Record set:
- Opening Delimiter -

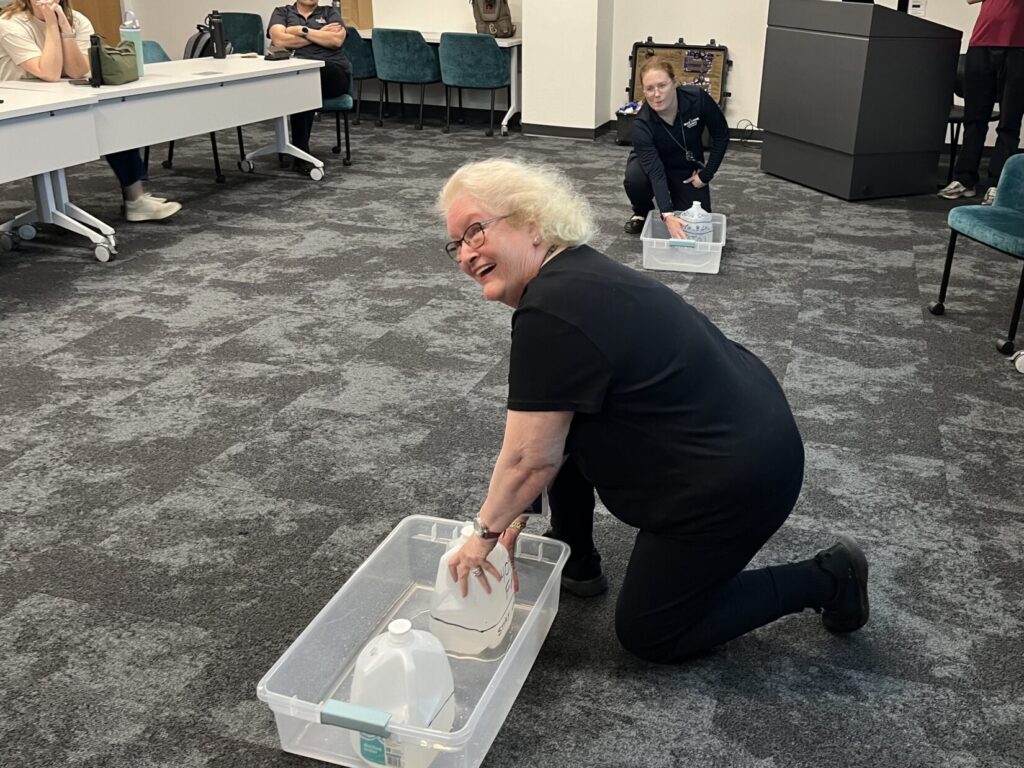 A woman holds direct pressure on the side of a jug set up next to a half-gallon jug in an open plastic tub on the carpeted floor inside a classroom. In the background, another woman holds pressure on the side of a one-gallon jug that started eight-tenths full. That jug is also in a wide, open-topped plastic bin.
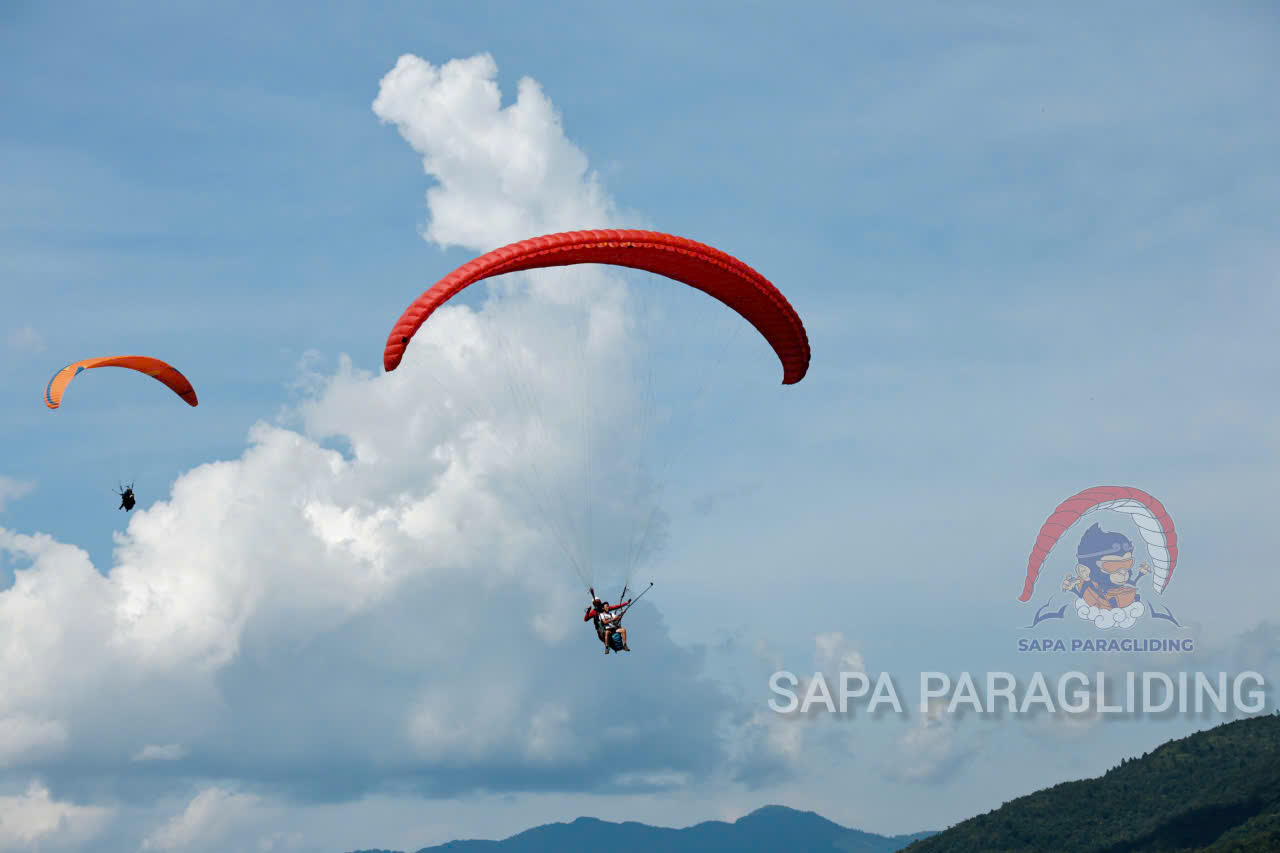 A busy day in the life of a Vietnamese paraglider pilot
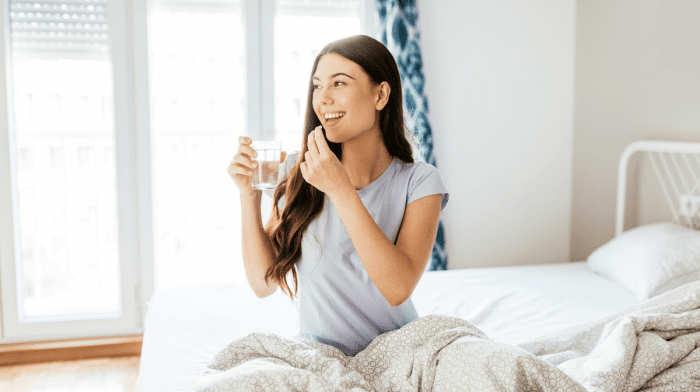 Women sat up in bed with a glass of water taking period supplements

- Closing Delimiter -
- Opening Delimiter -

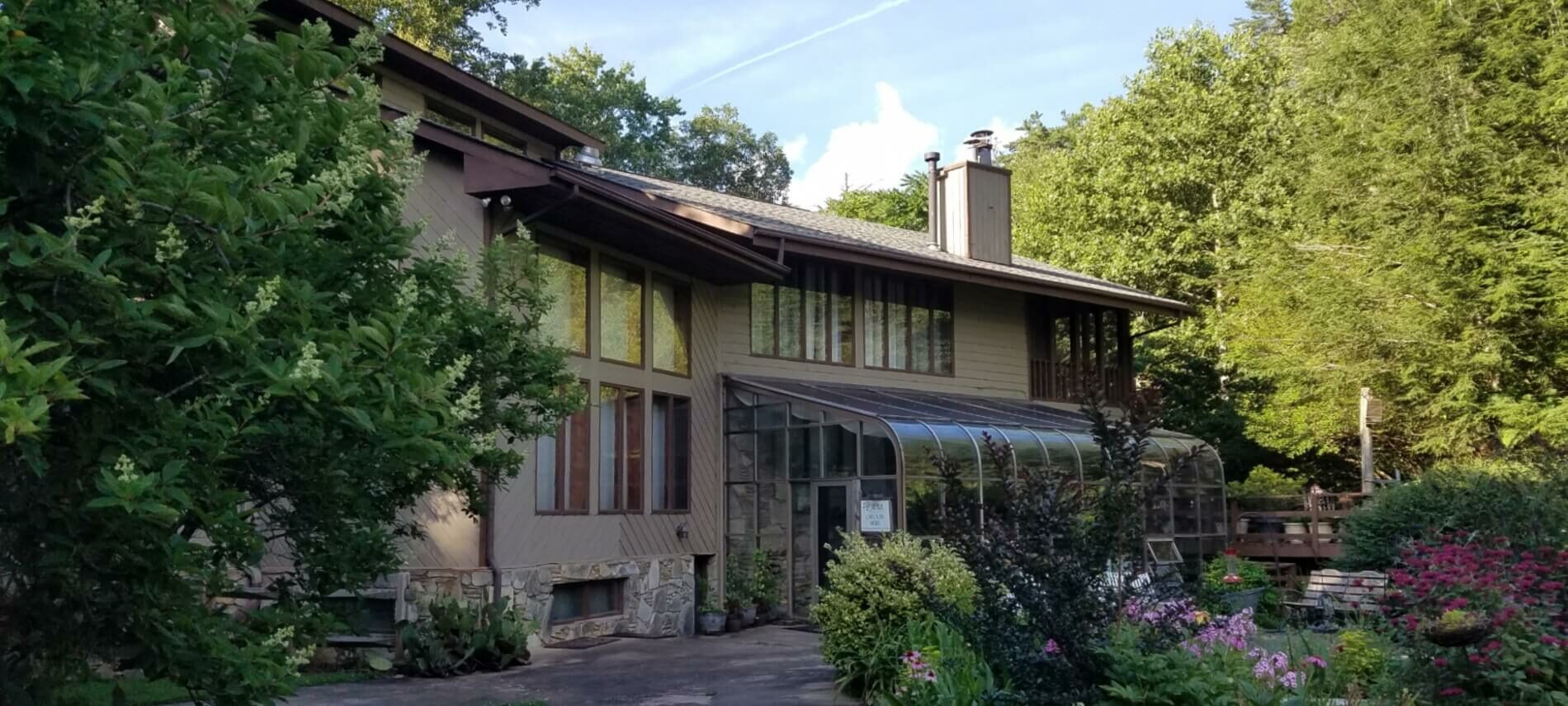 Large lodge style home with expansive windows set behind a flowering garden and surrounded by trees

- Closing Delimiter -

Task description:
Taking the entries above, extract every line from the one bearing "A woman holds" through the one bearing "Women sat up", exactly, with no pictures.

Response to this exercise:
 A woman holds direct pressure on the side of a jug set up next to a half-gallon jug in an open plastic tub on the carpeted floor inside a classroom. In the background, another woman holds pressure on the side of a one-gallon jug that started eight-tenths full. That jug is also in a wide, open-topped plastic bin.
 A busy day in the life of a Vietnamese paraglider pilot
 Women sat up in bed with a glass of water taking period supplements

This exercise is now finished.